The other box is “why it may be good to try to get (green) anarchists to become more Quaker-like.”

Why would I say that?

Well, what is politics about? For anarchists and their leftist ancestors, it’s about trying to solve the problems in the world by changing the social, political or economic structures of our world – granting rights, starting programs, protecting forests, and so on. Fixing the badness that surrounds us.

What’s missing from the picture in almost every case are the problems that cannot be solved by any structural change –  the badness in individuals.
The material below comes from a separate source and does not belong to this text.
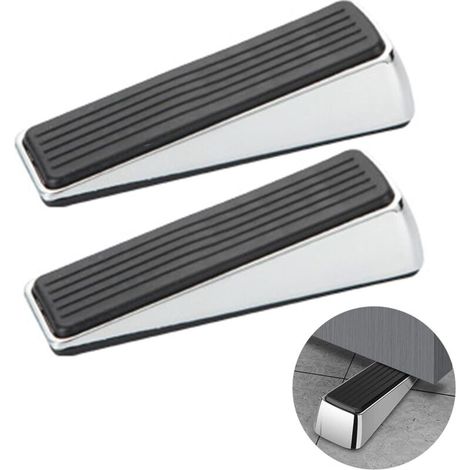 Lntyq 2 PCS Arrêts Cale De Porte, Cale de Porte Robuste, Cale De Porte Sol, Stopper Cales Portes, Cale Stop Sol Door, pour Patio Extérieur, Maisons, Ecoles, Bureaux, Garage Noir (1/5)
Ideally, we will find the perfect way of structuring (or destructuring) society, and then when we establish it we’ll be transformed from the petty, lazy assholes we are into kind, open-hearted angels. But that’s never going to happen, is it? If humanity were placed into a green anarchist utopia tomorrow, we’d find some way to fuck it up.

Because we need a “revolution of the human heart” every bit as much as we need an old-style political one. Which for me is where spirituality or religion comes in.

I absolutely don’t want to suggest that religion is the only thing that can help solve these problems of the individual, or even that it generally does so – in fact I often find that religion makes people more petty and spiteful, not less. But I have also seen the great potential for good that it has – both in history, in my own life and in my friends’ lives.

Which could all be used as an argument for religious anarchism in general, but I want to advocate for Quakerism in particular, because when it’s at its best it’s profoundly compatible with the anarchist ethic in a way that few if any religious traditions are.

pope.jpg(Case in point: a lot of Christian anarchists, a majority of whom, I reckon, are politically and economically anti-authoritarian but love and obey authority when it comes to religion. One Catholic anarchist wrote in a forum topic I started, It seems you find some tensions between political radicalism and theological conservatism. I myself find them to be quite compatible, however. I take my politics radical, my theology orthodox, and my coffee black. Shiver me timbers.)

In fact, one way of looking at Quakerism is as a sort of DIY, non-hierarchical group psychotherapy* with a strong political component, all couched in Judeo-Christian or semi-Judeo-Christian vocabulary (but friendly to non-Christians and beginning to be atheist-friendly).

In my somewhat limited experience in radical/anarchist circles, there is a hunger for something like that (maybe minus the vocab) – something that will speak to our inward condition and not merely our outward. Something that I think Quakerism, or at least more radicalized version of it, could provide.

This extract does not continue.